▸ **REQUIRED WORK**
Using the word "data" as the filter, copy each matching line from the records.

(Short text fragments from websites)
##########
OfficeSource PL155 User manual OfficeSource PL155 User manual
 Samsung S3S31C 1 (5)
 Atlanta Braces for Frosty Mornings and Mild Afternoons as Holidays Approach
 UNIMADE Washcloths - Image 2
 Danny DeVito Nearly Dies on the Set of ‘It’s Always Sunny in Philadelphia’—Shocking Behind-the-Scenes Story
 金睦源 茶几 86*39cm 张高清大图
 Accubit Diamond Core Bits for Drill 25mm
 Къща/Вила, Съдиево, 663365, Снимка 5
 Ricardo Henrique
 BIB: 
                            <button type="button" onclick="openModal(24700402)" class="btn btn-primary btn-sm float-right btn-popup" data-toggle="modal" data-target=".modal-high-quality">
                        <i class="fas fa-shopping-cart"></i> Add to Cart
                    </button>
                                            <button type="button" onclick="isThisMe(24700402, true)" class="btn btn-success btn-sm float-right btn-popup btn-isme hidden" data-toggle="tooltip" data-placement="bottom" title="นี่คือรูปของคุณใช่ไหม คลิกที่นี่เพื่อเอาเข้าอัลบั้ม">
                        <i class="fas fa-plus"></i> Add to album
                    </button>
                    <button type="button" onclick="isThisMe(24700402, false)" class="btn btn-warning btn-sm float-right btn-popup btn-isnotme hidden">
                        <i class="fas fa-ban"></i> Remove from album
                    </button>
##########
▸ **EXERCISE SOLUTION**
                            <button type="button" onclick="openModal(24700402)" class="btn btn-primary btn-sm float-right btn-popup" data-toggle="modal" data-target=".modal-high-quality">
                                            <button type="button" onclick="isThisMe(24700402, true)" class="btn btn-success btn-sm float-right btn-popup btn-isme hidden" data-toggle="tooltip" data-placement="bottom" title="นี่คือรูปของคุณใช่ไหม คลิกที่นี่เพื่อเอาเข้าอัลบั้ม">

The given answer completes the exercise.